=== RECORDED INFORMATION ===
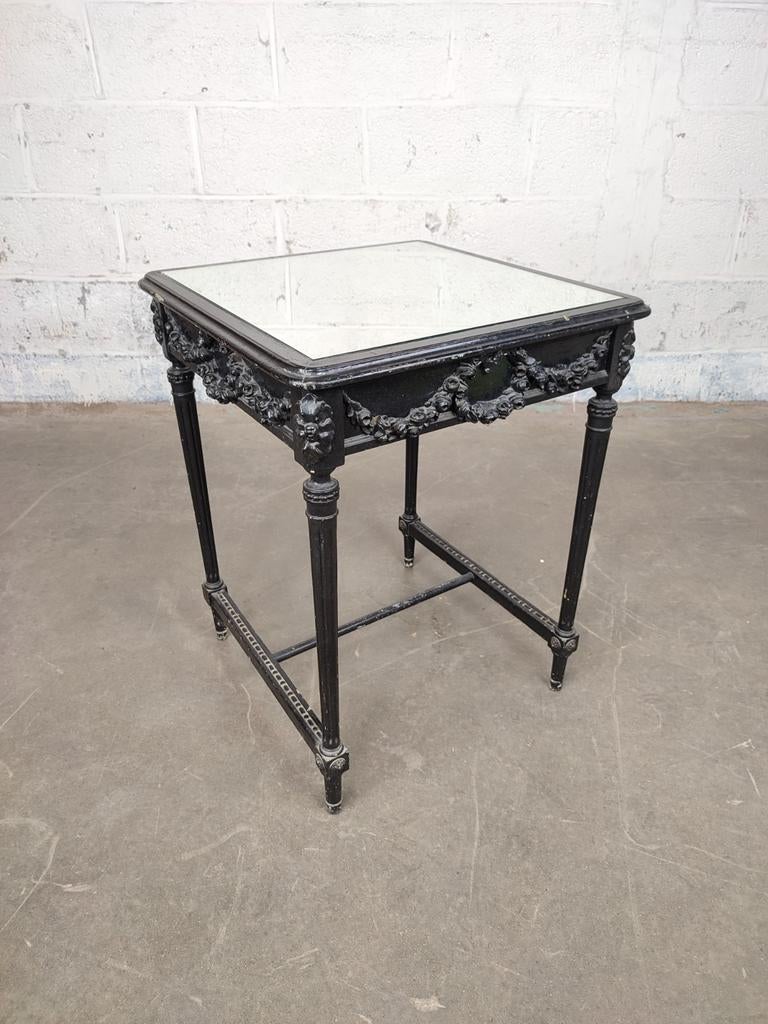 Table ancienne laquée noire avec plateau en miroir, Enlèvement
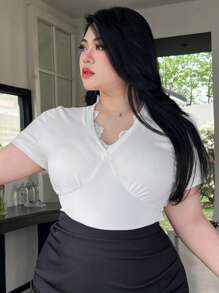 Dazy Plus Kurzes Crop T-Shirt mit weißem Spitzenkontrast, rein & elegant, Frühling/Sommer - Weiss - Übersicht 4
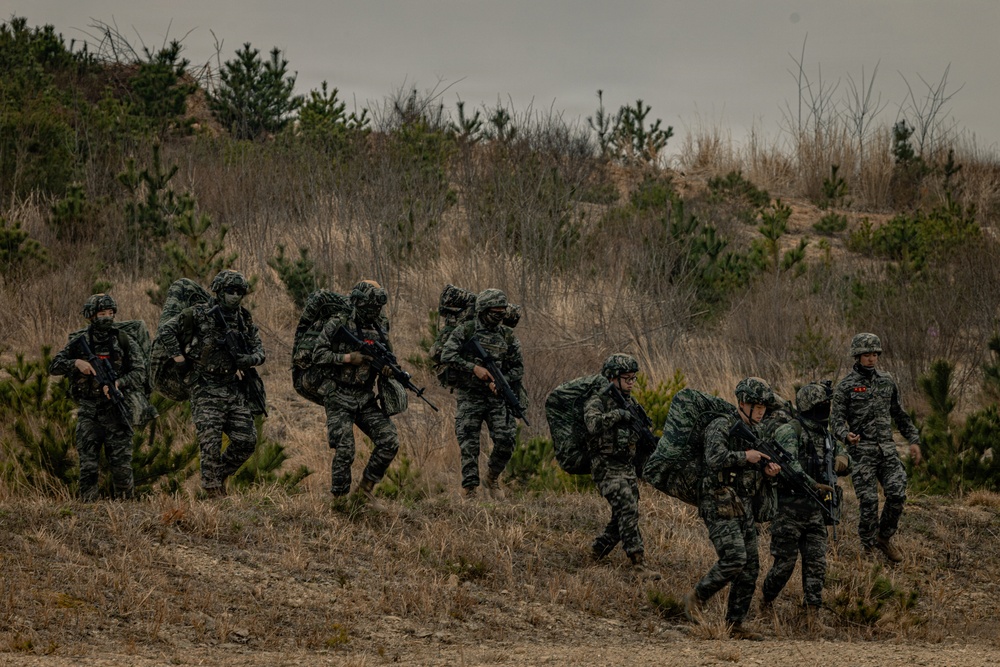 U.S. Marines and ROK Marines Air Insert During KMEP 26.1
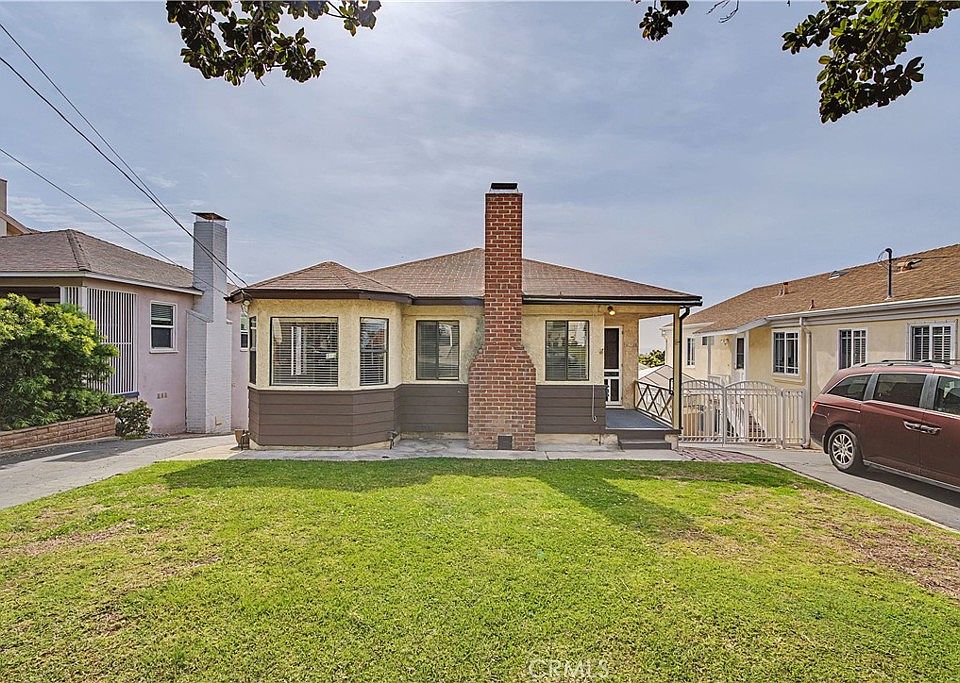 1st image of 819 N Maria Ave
===
=== RECORDED INFORMATION ===
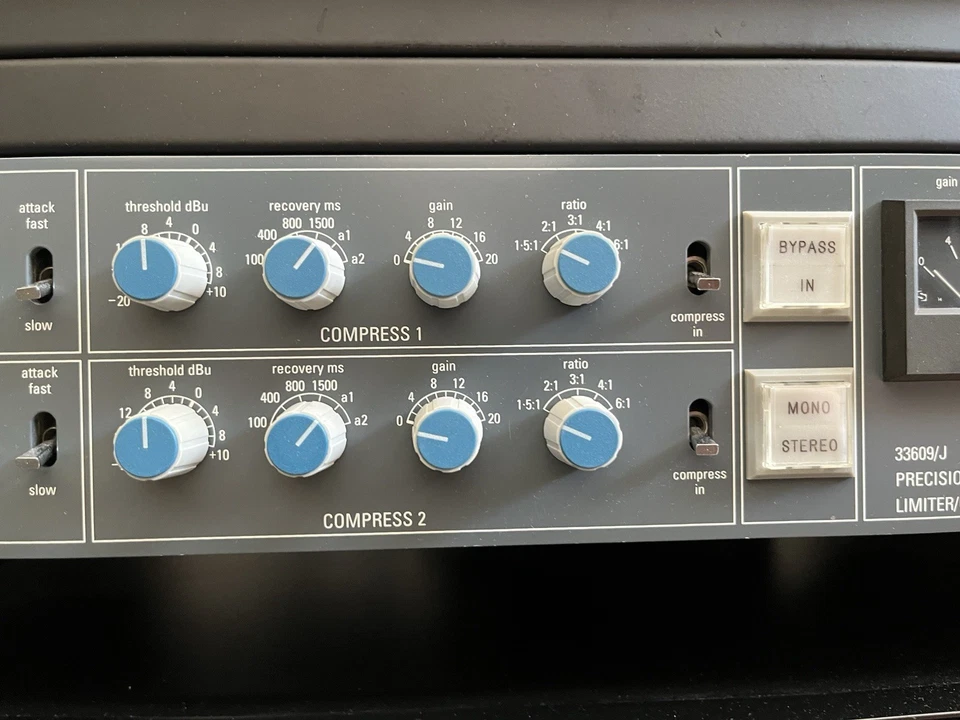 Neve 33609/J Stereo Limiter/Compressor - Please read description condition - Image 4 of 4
===
**GOAL OF THE EXERCISE:** Restate word for word the lines of the data above that begin at the line with "U.S. Marines and" and end at the line with "1st image of 819 N Maria Ave", keeping both ends and dropping every picture.

**FINAL ANSWER:**
 U.S. Marines and ROK Marines Air Insert During KMEP 26.1
 1st image of 819 N Maria Ave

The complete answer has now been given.